Stability breeds instability. All you need is the proverbial skier’s scream for an avalanche.
By the beginning of July, short vol flows “had stuffed Dealers on market-insulating Gamma,” Nomura’s Charlie McElligott wrote Wednesday, after returning from summer holiday.
On July 2, the bank’s estimates showed SPX $Gamma in the 96th%ile and QQQ in the 97th, which served to “pin” equities in a narrow range, thereby compressing realized vol (figure below).
As realized collapsed, the systematic universe mechanically added exposure.
Recall that on July 12, in “A Little Something For The Bears,” I noted that on Deutsche Bank’s metrics, systematic exposure was catching up to discretionary positioning. At the time, I deployed Charlie’s catchphrase: “Volatility is your exposure toggle.” Deutsche flagged more aggressive positioning from vol control funds and CTAs.

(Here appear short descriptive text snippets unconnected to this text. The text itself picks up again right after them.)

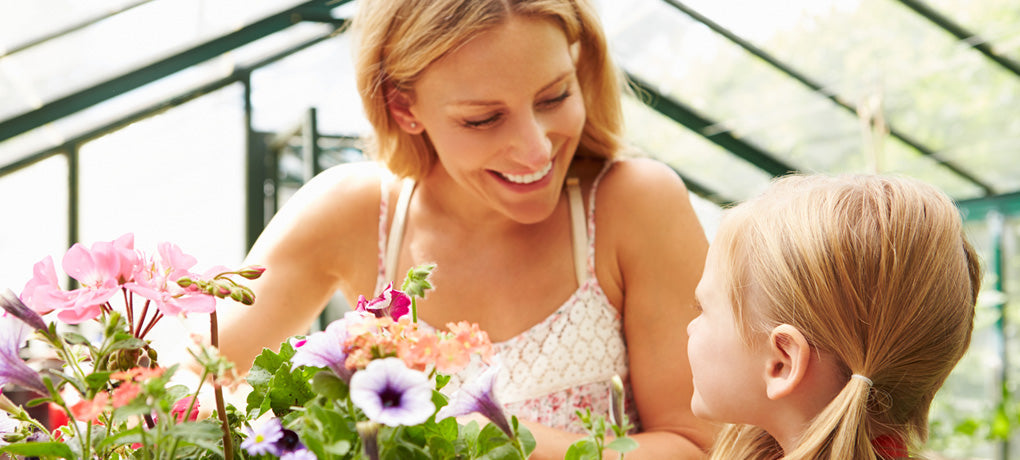 Gjør det selv drivhus eller et profesjonelt enkelt monteringssett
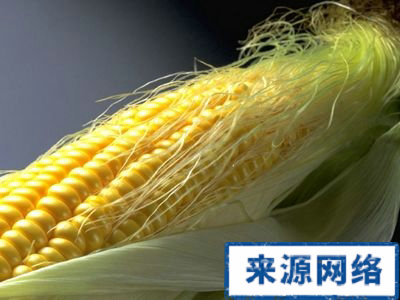 玉米瘦身 肯德基玉米棒 爆米花 鮮搾玉米汁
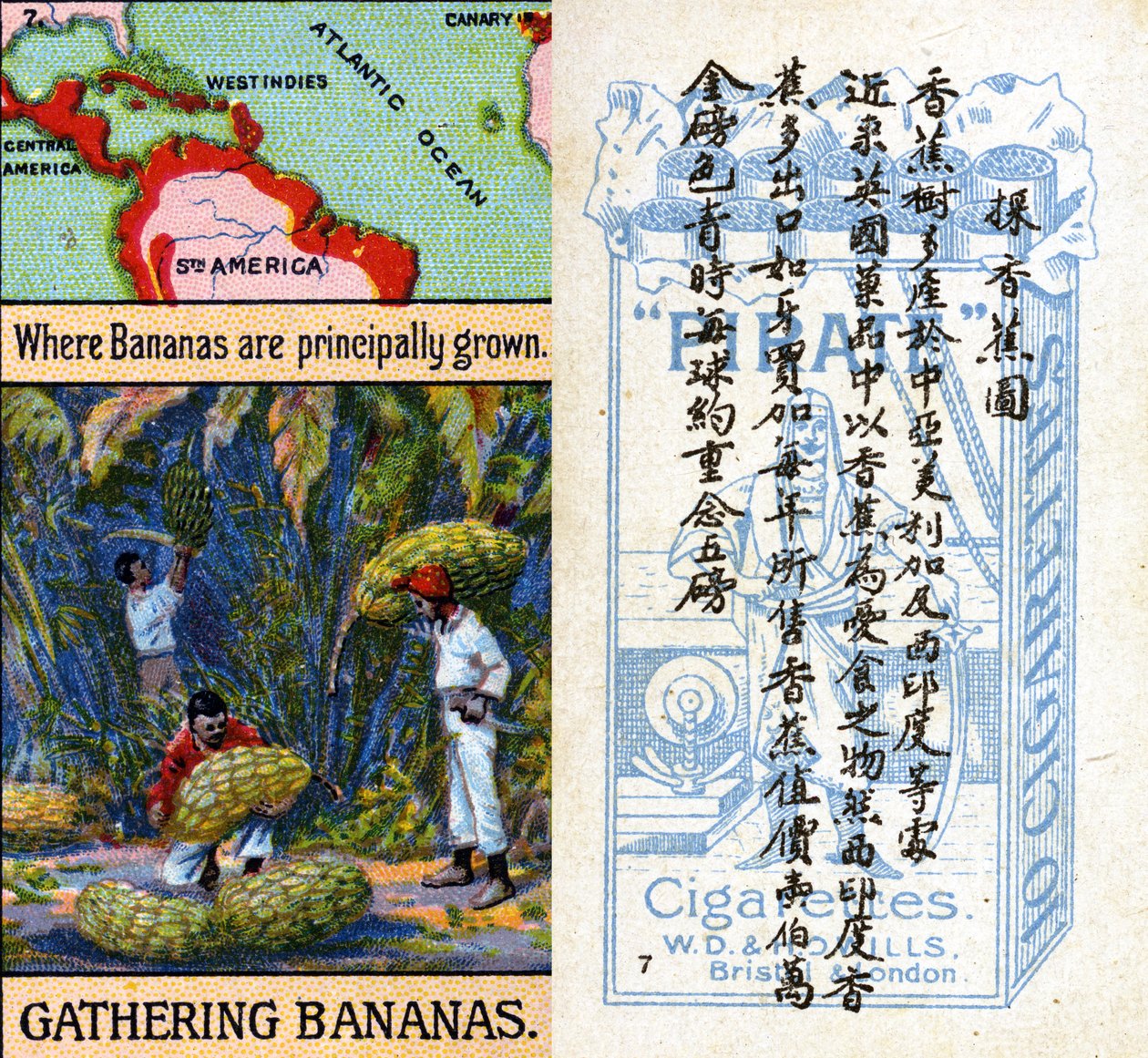 Hauptanbaugebiete für Bananen, aus der Serie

On Nomura’s models, “gross exposure across the overall CTA cross-asset portfolio” in late June and early July ranked in the ~97%ile, a state of affairs McElligott attributed to “both grossed-up Bond shorts and Equities longs.”
Meanwhile, the bank’s vol control model had accumulated what Charlie described Wednesday as “enormous exposures” over the trailing three-month period, adding some $75 billion in equity exposure through July 2.
That set the stage. “In standard ‘Minsky Moment’ fashion, this stability then set the table for instability,” McElligott wrote. As I put it over the weekend, all you really need is a catalyst or, perhaps more aptly, an excuse — some “shock” that triggers and equity selloff and, more importantly, a vol spike. At that point, the Jenga tower wobbles or, as Charlie put it, “you get an abrupt de-grossing of an outlier large exposure in unemotional / mechanical fashion.”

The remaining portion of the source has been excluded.